Back to the original topic:
If you're working with Drupal and want editable source files, your best bet is either:
Purchasing templates that explicitly include .artx
Recreating designs manually in Artisteer
Moving to Themler (Artisteer's successor) which has different file handling
Hope this helps clarify. The .artx situation has been confusing since the Artisteer days.
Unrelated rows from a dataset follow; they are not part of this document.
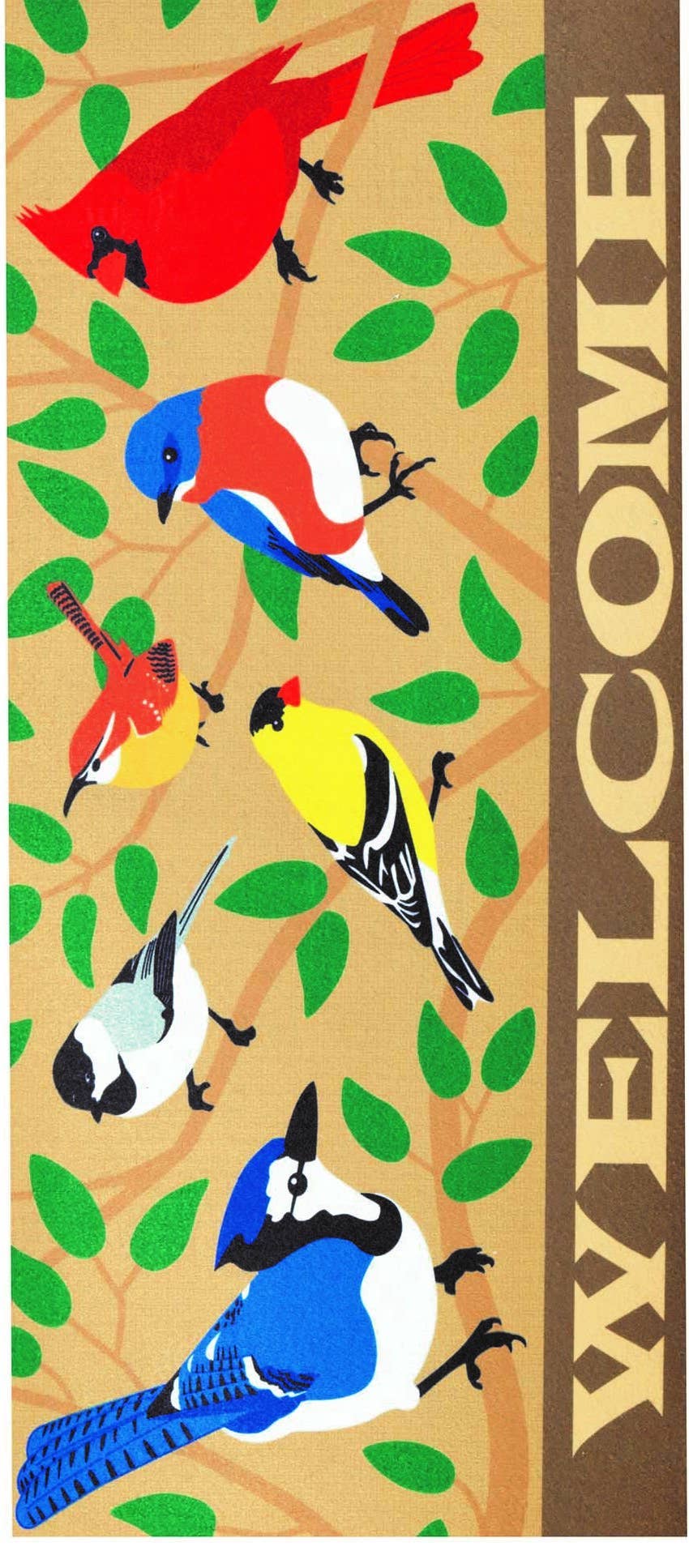 Dicksons – Engroshandel Dørmåtte – Dørmåtte Indsæt Songbirds Velkommen1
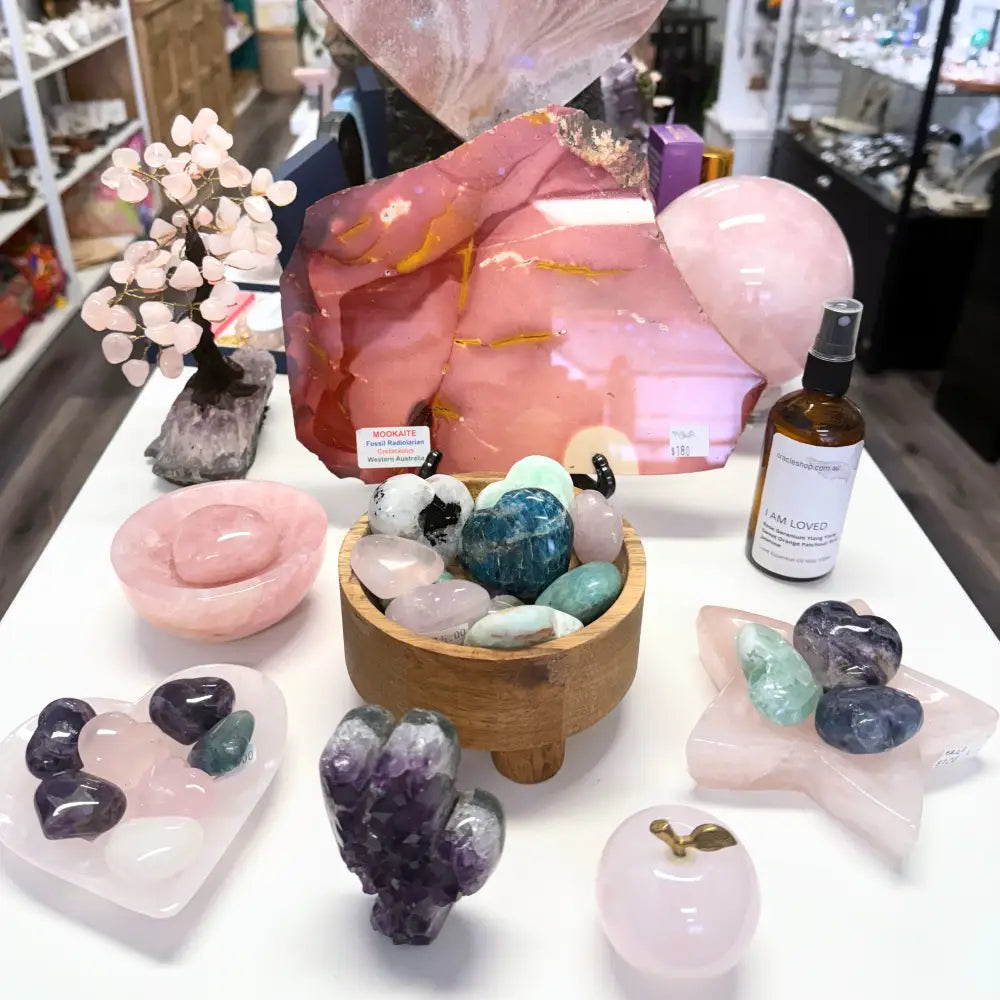 Rose Quartz Crystal Apples crystal apple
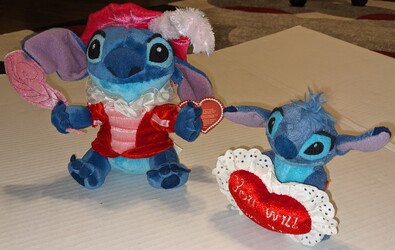 Disney_Stitch_plush_Valentine_small_20240124_191506600.jpg Disney Stitch, plush Valentine theme, small: $24.77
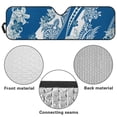 thumbnail image 6 of HUIACONG Blue Polynesia Windshield Sun Shade, Cute Shade Heat Shield，51.57 in *16.14 in, Compatible with JK JKU TJ 2 Door / 4 Door, 6 of 6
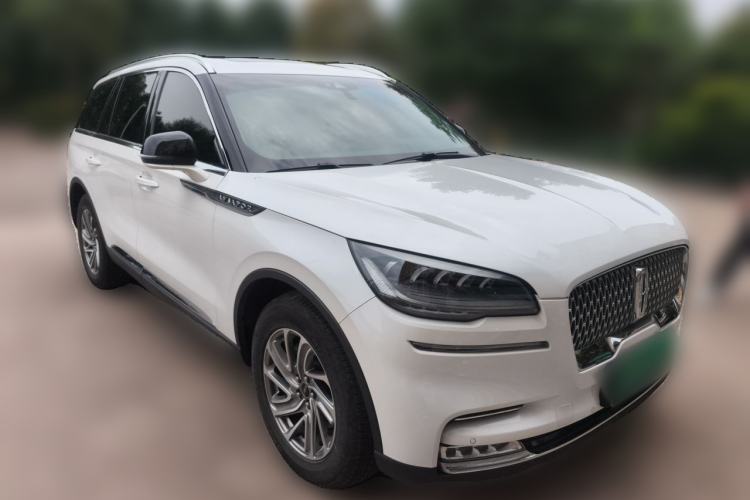 Used Lincoln Aviator 2021 3.0T V6 Four-Wheel Drive Luxury Edition Front Right 45 Deg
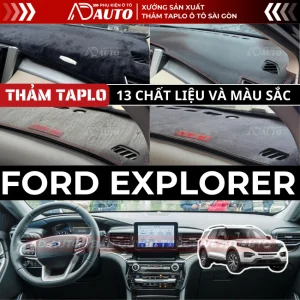 thảm taplo ford explorer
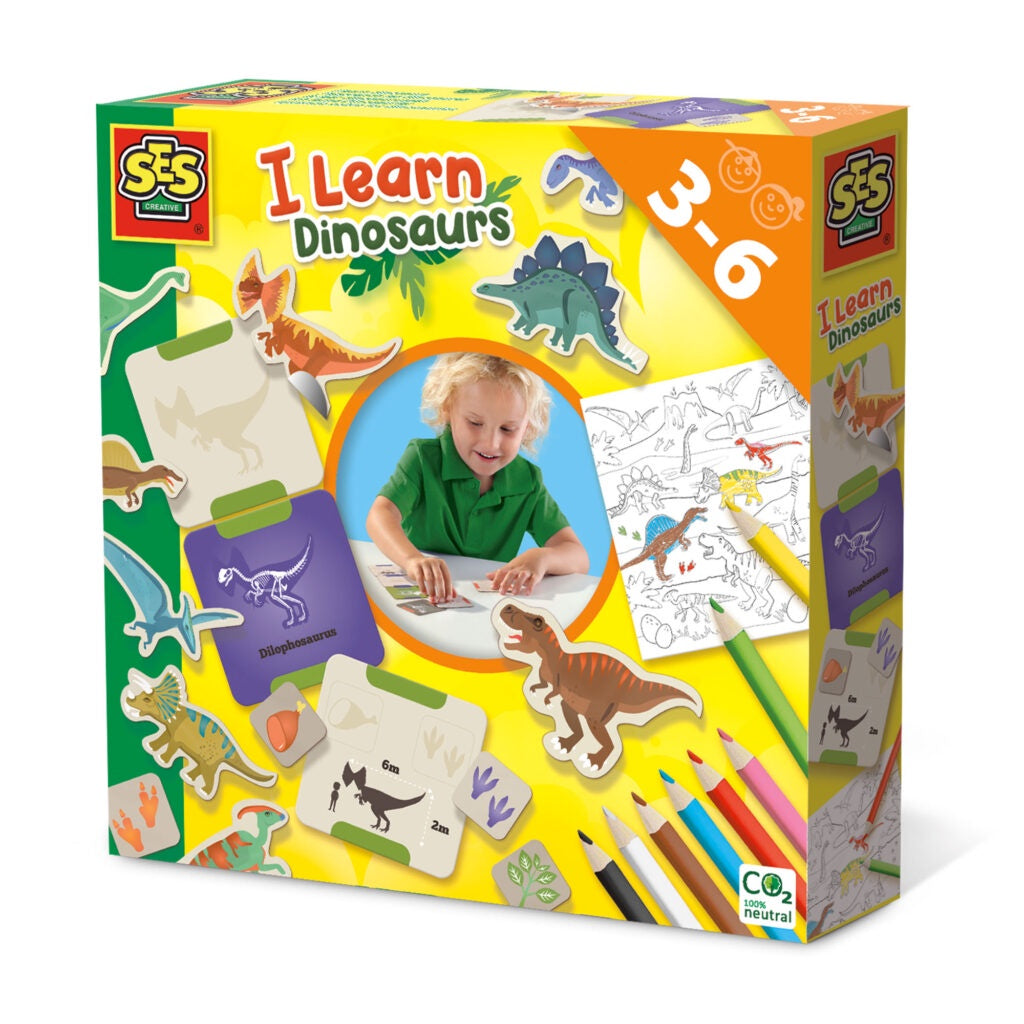 SES Creative I Learn Dinosaurs Craft Set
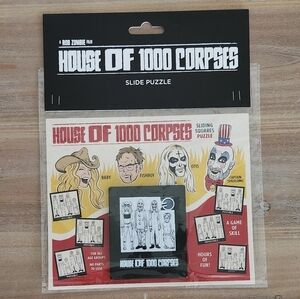💀 Rob Zombie House of 1000 Corpses Slide Puzzle – NWT Horror Collectible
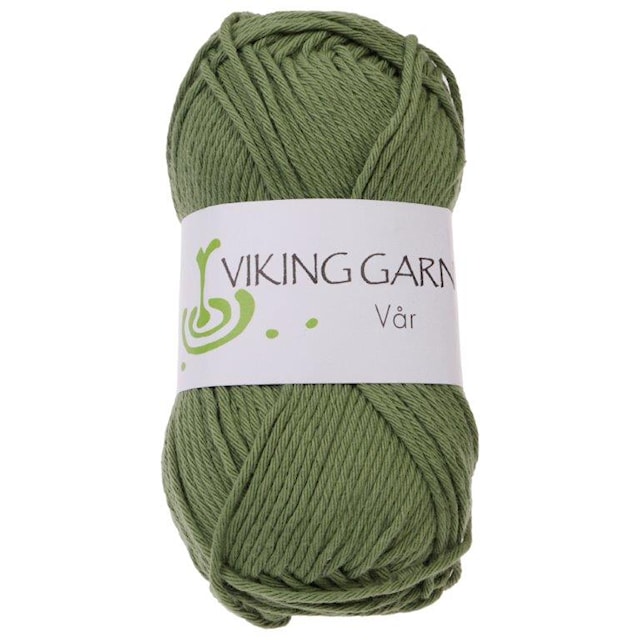 Vår Puuvillalanka 50 g vihreä Viking Garn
Jumping in here because I noticed the last comment went off-topic. To actually answer the original question about .artx files:
Why free Drupal templates don't include .artx files:
The .artx format is Artisteer's source project file—it's the editable blueprint you use inside Artisteer to modify the template. Free/export-only themes typically don't include these because:
They're intended as final exports, not editable projects
Artisteer (and later Themler) reserved source files for paid/premium templates
The export process generates HTML/CSS, but the .artx is separate
If you need the .artx file:
Check the original purchase/download page—sometimes it's a separate link
Some premium templates include it; free ones rarely do
If you have Artisteer installed, you can create a new .artx from scratch and replicate the design
On the game link in the previous comment:
Since someone already mentioned mobile gaming here, I'll add that for anyone building gaming niche sites with Artisteer/Themler templates, testing mobile games on staging sites is a common use case. I use HappyMod APK https://happmocc.com.br on a secondary device to quickly test and capture gameplay footage for sites I'm building. It saves hours of grinding just to get endgame screenshots for template demos.
Back to the original topic:
If you're working with Drupal and want editable source files, your best bet is either:
Purchasing templates that explicitly include .artx
Recreating designs manually in Artisteer
Moving to Themler (Artisteer's successor) which has different file handling
Hope this helps clarify. The .artx situation has been confusing since the Artisteer days.